[LangChain] RAG 기법 Map-Reduce

pysun·2024년 12월 11일

LangChain

목록 보기
11/13

Map-Reduce

출처: https://pkgpl.org/wp-content/uploads/2023/10/image-3.png?w=2048

질문에 대한 관련 문서 각각을 처리(Map)하고, 결과를 결합해 최종 출력을 생성(Reduce)하는 방법

✨ 장점
1. 긴 문서에 적합: 각각의 문서를 요약하므로 검색한 문서가 많거나 길 때 유용
2. 정보 보전: 각각의 문서를 독립적으로 처리하므로 정보 보존에 유리

☠️ 단점
1. 토큰 사용 ↑: 문서별로 처리하고 최종적으로 출력을 수행하는 과정에서 AI 모델을 계속 사용해야하므로 토큰 사용이 많아질 수 있음
2. 속도: 처리해야하는 과정이 많아지기 때문에 Stuff에 비해 상대적으로 느림


from langchain_openai import ChatOpenAI, OpenAIEmbeddings
from langchain.storage import LocalFileStore
from langchain.embeddings import CacheBackedEmbeddings
from langchain.document_loaders import UnstructuredFileLoader
from langchain.text_splitter import CharacterTextSplitter
from langchain.vectorstores import FAISS, Chroma
from langchain.prompts import ChatPromptTemplate
from langchain.schema.runnable import RunnablePassthrough, RunnableLambda

############ 초기설정 ############ 

# LLM 생성
llm = ChatOpenAI()

# 임베딩 캐시 저장 경로
cache_dir = LocalFileStore('/Users/sunbok/workspace/fullstack_gpt/Rag/.cache')

# 데이터 로드
loader = UnstructuredFileLoader('/Users/sunbok/workspace/fullstack_gpt/files/1984_chapter_one.pdf')

# Splitter 로드
splitter = CharacterTextSplitter(
    chunk_size=200,
    chunk_overlap=100,
    separator='\n'
)

# split된 데이터 로드
docs = loader.load_and_split(text_splitter=splitter)

# 임베딩 모델 생성
embeddings = OpenAIEmbeddings()

# 캐시 임베딩
cache_embeddings = CacheBackedEmbeddings.from_bytes_store(
    embeddings,
    cache_dir
)

# 임베딩된 데이터 로드 (벡터 저장소)
vectorstore = FAISS.from_documents(docs, cache_embeddings)

# 벡터 저장소를 retriever로 사용
retriever = vectorstore.as_retriever()
retriever.invoke('윈스턴이 근무하는 곳은?')
[Document(page_content='Winston kept his back turned to the telescreen.
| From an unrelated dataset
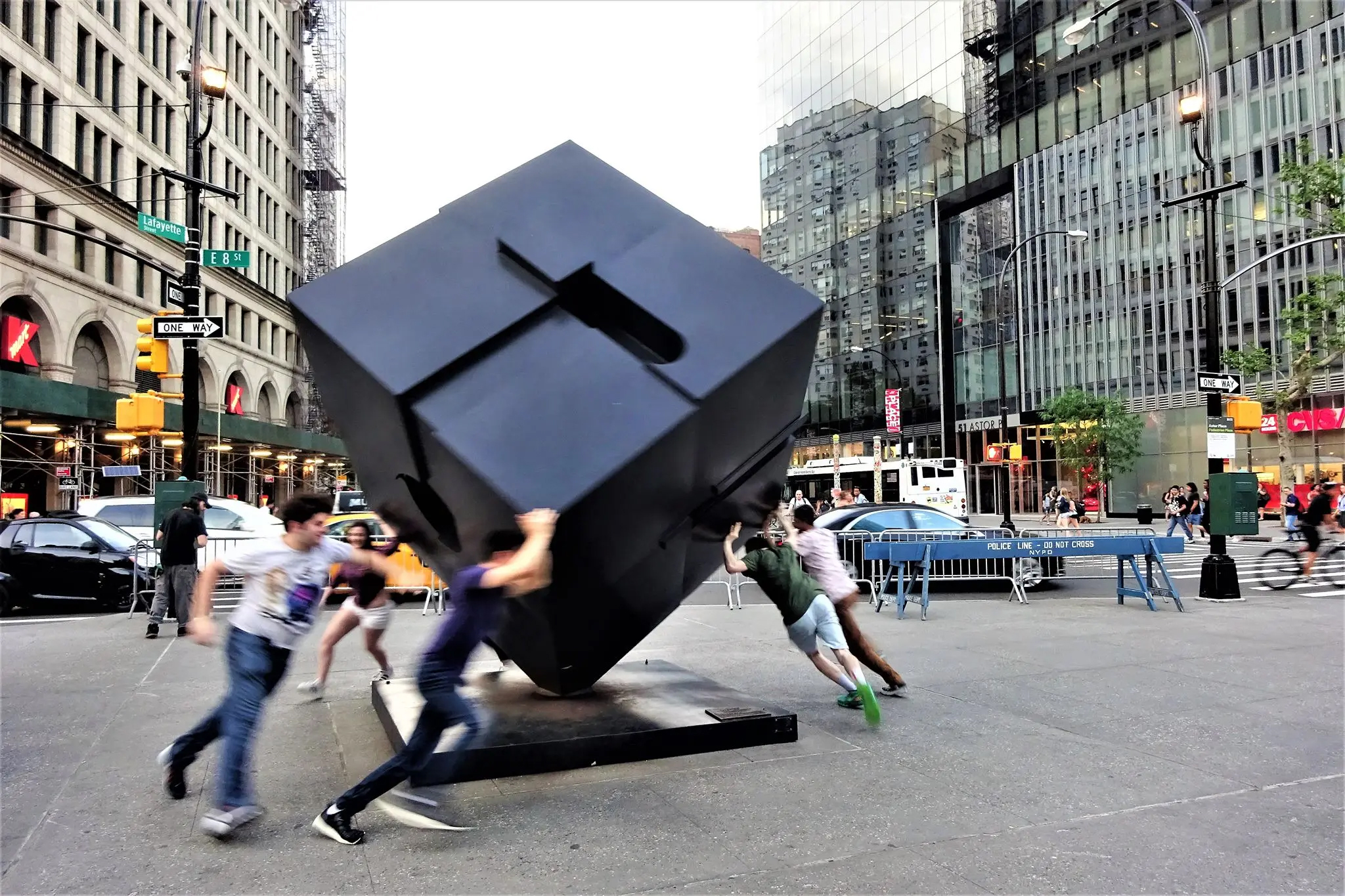 People are spinning a large black cube sculpture in a busy city intersection.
It was safer, though, as he well knew, even a back can be revealing. A kilometre away the Ministry of Truth, his place of work, towered vast and white above the grimy landscape. This, he thought with a sort of vague distaste—this was London, chief city of Airstrip One, itself the third most populous of the provinces of Oceania. He tried to squeeze out some childhood memory that should tell him whether London had always been quite like this. Were there always these vis- tas of rotting nineteenth-century houses, their sides shored up with baulks of timber, their windows patched with card- board and their roofs with corrugated iron, their crazy', metadata={'source': '/Users/sunbok/workspace/fullstack_gpt/files/1984_chapter_one.pdf'}),
 Document(page_content='Winston turned round abruptly. He had set his features into the expression of quiet optimism which it was advis- able to wear when facing the telescreen. He crossed the room into the tiny kitchen. By leaving the Ministry at this time of day he had sacrificed his lunch in the canteen, and he was aware that there was no food in the kitchen except a hunk of dark-coloured bread which had got to be saved for tomorrow’s breakfast. He took down from the shelf a bottle of colourless liquid with a plain white label marked VICTORY GIN. It gave off a sickly, oily smell, as of Chinese rice-spirit. Winston poured out nearly a teacupful, nerved', metadata={'source': '/Users/sunbok/workspace/fullstack_gpt/files/1984_chapter_one.pdf'}),
 Document(page_content='ing thirteen. Winston Smith, his chin nuzzled into his breast in an effort to escape the vile wind, slipped quickly through the glass doors of Victory Mansions, though not quickly enough to prevent a swirl of gritty dust from enter- ing along with him.', metadata={'source': '/Users/sunbok/workspace/fullstack_gpt/files/1984_chapter_one.pdf'}),
 Document(page_content='ures which had something to do with the production of pig-iron. The voice came from an oblong metal plaque like a dulled mirror which formed part of the surface of the right-hand wall. Winston turned a switch and the voice sank somewhat, though the words were still distinguish- able. The instrument (the telescreen, it was called) could be dimmed, but there was no way of shutting it off complete- ly. He moved over to the window: a smallish, frail figure, the meagreness of his body merely emphasized by the blue overalls which were the uniform of the party. His hair was very fair, his face naturally sanguine, his skin roughened by coarse soap and blunt razor blades and the cold of the win- ter that had just ended.', metadata={'source': '/Users/sunbok/workspace/fullstack_gpt/files/1984_chapter_one.pdf'})]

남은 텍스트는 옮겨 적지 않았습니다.